Problem description:
For this exercise, retype each line of the material below verbatim and omit any picture.

Supplied data:

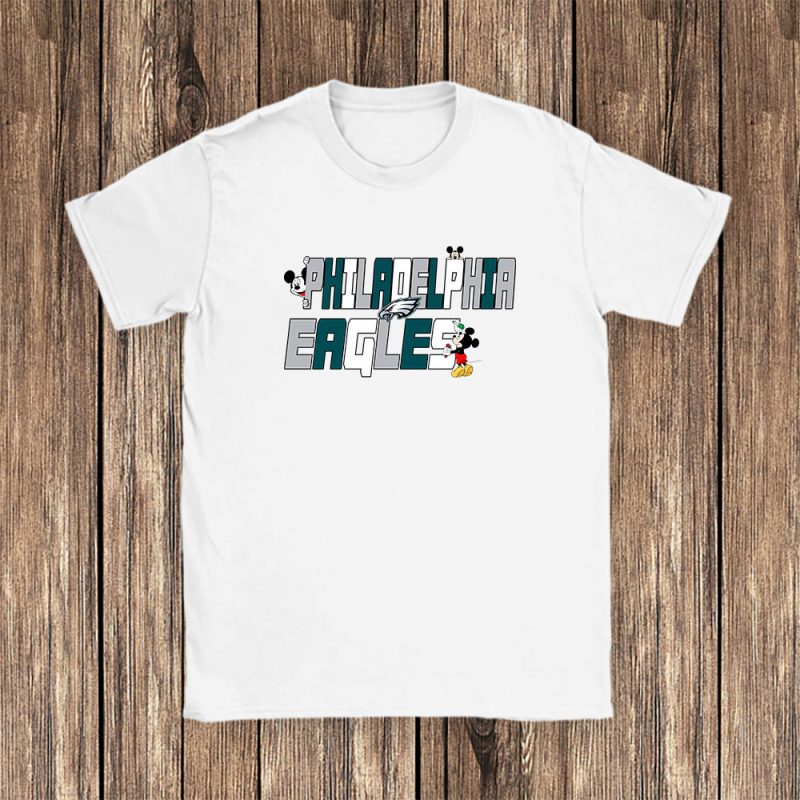 Mickey Mouse X Philadelphia Eagles Team X NFL X American Football Unisex T-Shirt Cotton Tee TAT4432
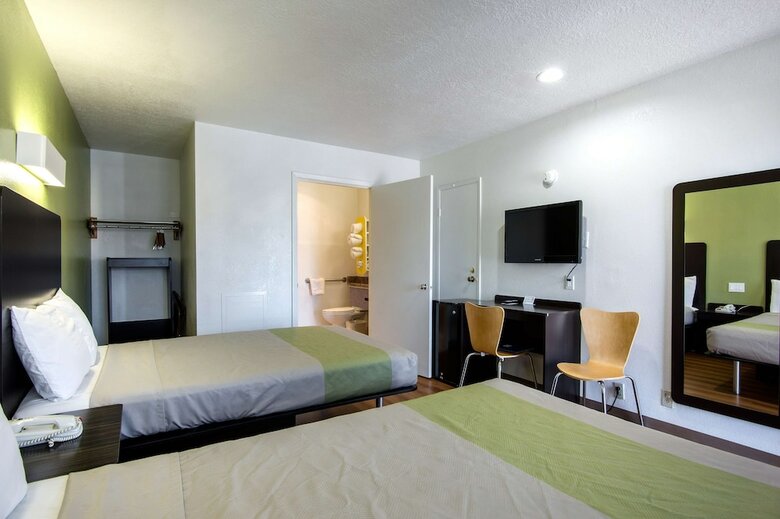 Motel 6 Santa Fe Plaza - Downtown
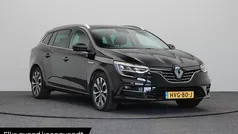 Zwart Gebruikt 2021 Renault Mégane GrandTour Intens Stationwagen | € 20.945 (Eerlijke prijs)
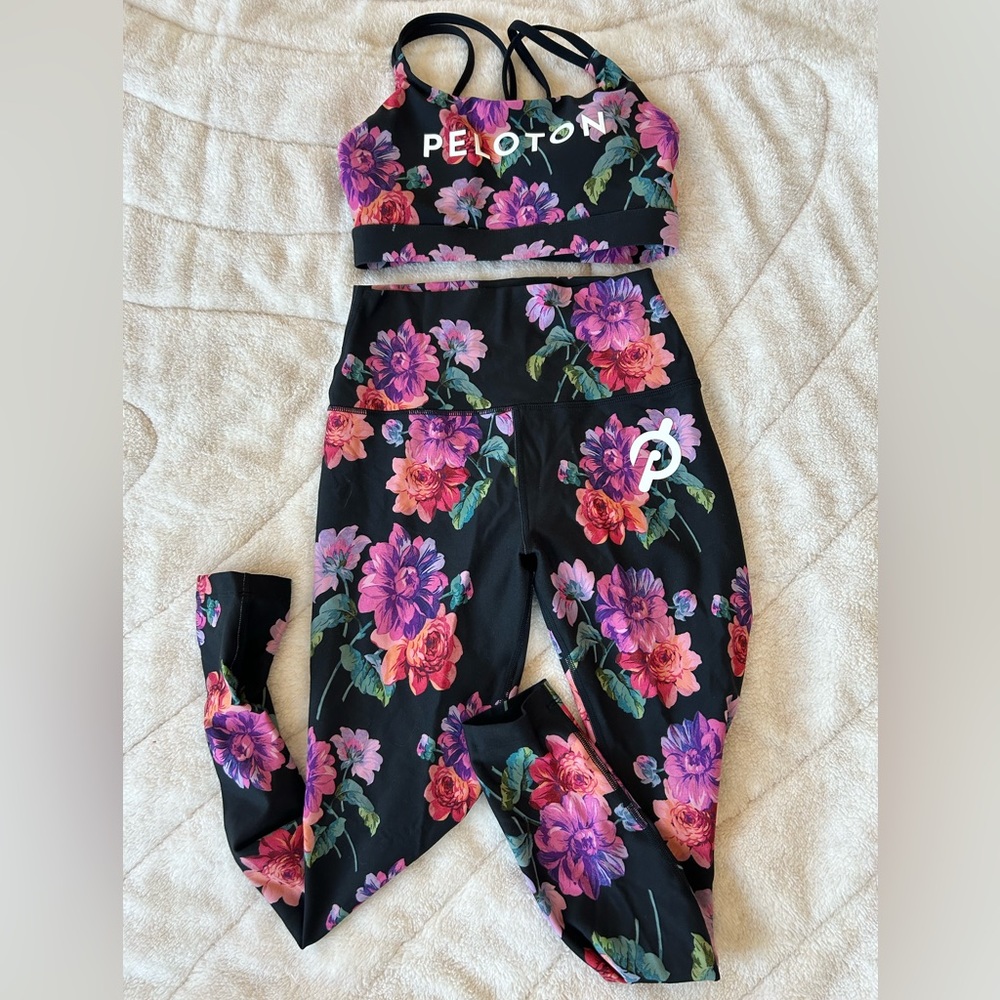 Hard to find Peloton floral set!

Task result:
 Mickey Mouse X Philadelphia Eagles Team X NFL X American Football Unisex T-Shirt Cotton Tee TAT4432
 Motel 6 Santa Fe Plaza - Downtown
 Zwart Gebruikt 2021 Renault Mégane GrandTour Intens Stationwagen | € 20.945 (Eerlijke prijs)
 Hard to find Peloton floral set!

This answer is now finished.